Manchin: Environmental Push in Congress Potentially ‘Divisive’
With Democrats holding slim majorities in both chambers of Congress, Sen. Joe Manchin (D) has outsize influence on energy and environmental legislation.

With Democrats holding slim majorities in both chambers of Congress, Democratic Sen. Joe Manchin from West Virginia has outsize influence on energy and environmental legislation.

“I’m an all-in energy person,” Manchin said Wednesday during his keynote speech for the American Council on Renewable Energy (ACORE) Policy Forum.

For Manchin, “all-in” means support for cultivating U.S. energy independence through the use of domestic fossil fuel supplies in addition to the strategic use of tax credits and development and deployment of technology to spur the transition to clean energy.

Joe Manchin
U.S. Sen. Joe Manchin (D-W. Va.) and Greg Wetstone, ACORE | ACORE

As a lawmaker from a coal state, Manchin is bullish on using carbon capture technology as a tool to reach the country’s 2035 and 2050 decarbonization goals.

“Carbon capture sequestration is the one of the most important things that you can do because the rest of the world still has an appetite for fossil [fuel],” Manchin said. He added that China and India are still building coal-fired power plants and questioned whether they are using any technology to reduce emissions — a claim contradicted by a 2017 report from the Center for American Progress.
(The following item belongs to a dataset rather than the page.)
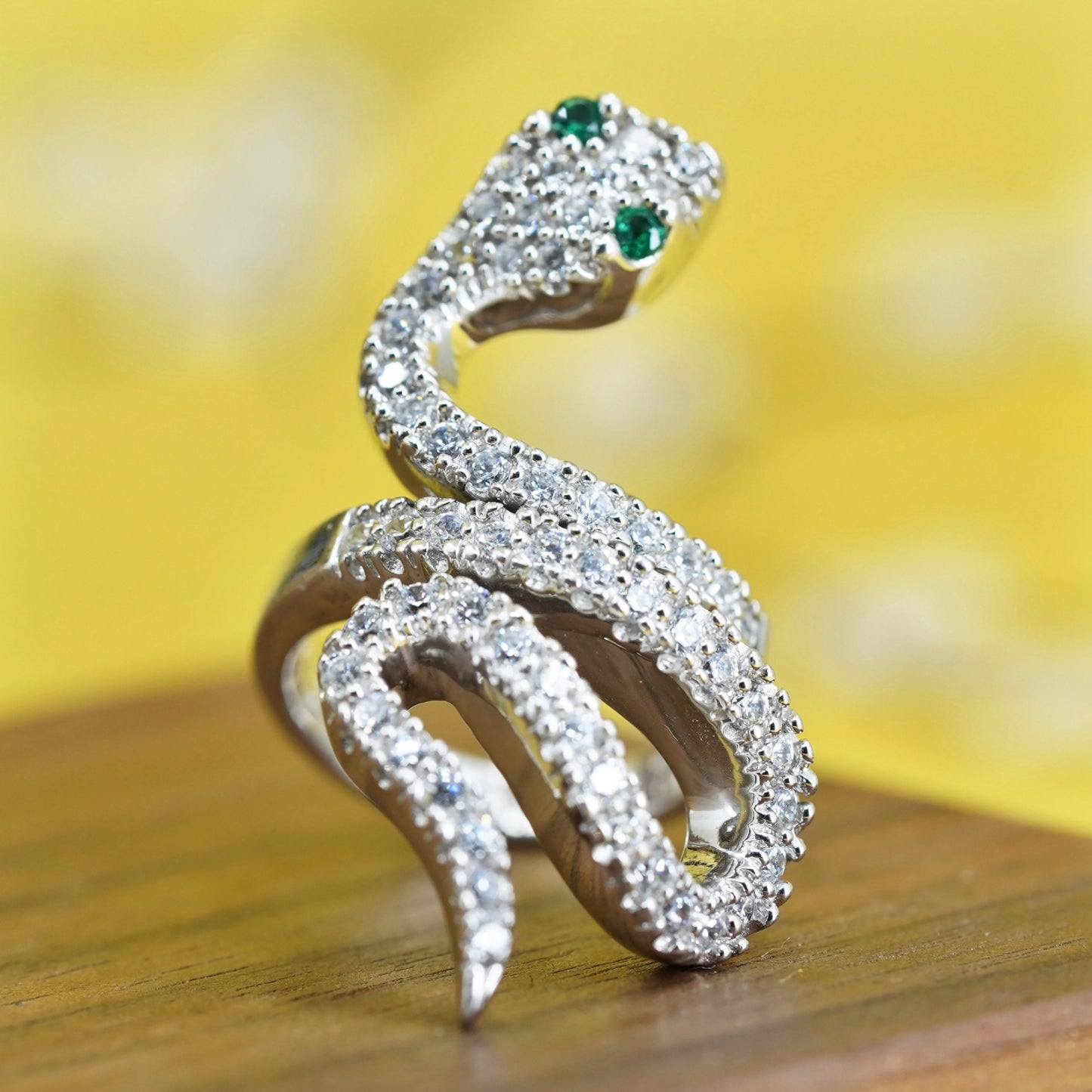 Designer Sonia Bitton Sterling silver ring, 925 snake wrap band cluster Diamond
Even in the U.S., Manchin said, carbon capture technology has one big hurdle: the expense.

“We have not been able to do commercialization on carbon capture sequestration without being cost prohibitive,” Manchin said. “We have a lot to do there.”

The senator added that he wants to ensure the power grid works for “everyone” and that no one is left behind as fossil fuels and renewables jockey for economic position.
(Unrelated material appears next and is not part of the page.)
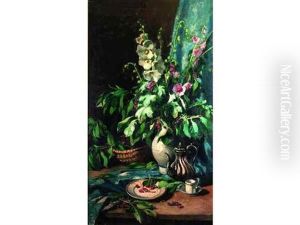 Nature Morte Au Vase De Fleurs Et A La Theiere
“You can’t leave any of these communities from traditional fuel sources behind,” Manchin said. “You can’t just say we’re moving to something without basically giving them an opportunity to participate in this transitioning economy.”
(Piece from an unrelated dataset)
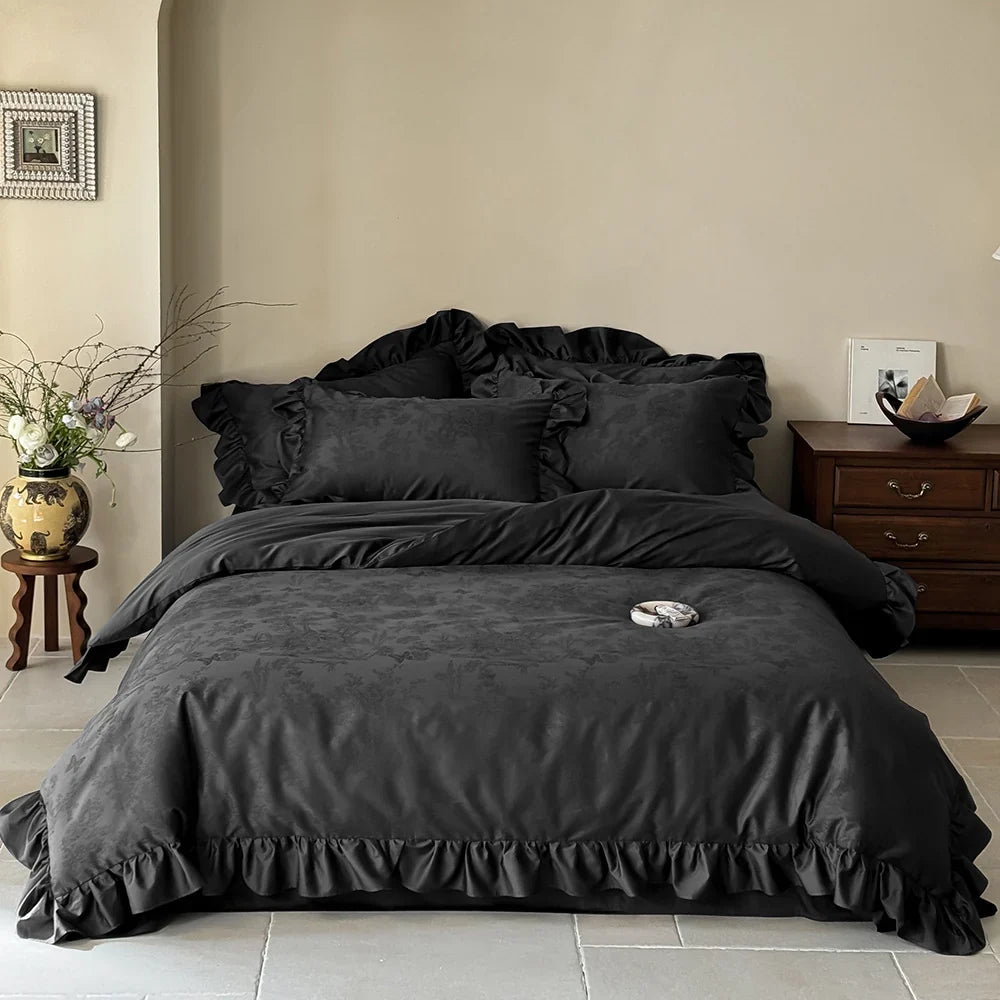 Bedding Set Cotton Satin Floral Jacquard 4-Piece Set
Manchin said communities built around the fossil fuel industry — such as West Virginia, Wyoming, Pennsylvania, Ohio and Kentucky — have done a lot of “heavy lifting” for the economy.

“Now they feel like they’re not good enough, clean enough, green enough or smart enough, and that’s just so wrong,” Manchin said.

He said there is a “political divide” on clean energy. If U.S. lawmakers “can’t get our act together … this environmental push that’s going on … it’ll be as divisive as healthcare was in 2009.”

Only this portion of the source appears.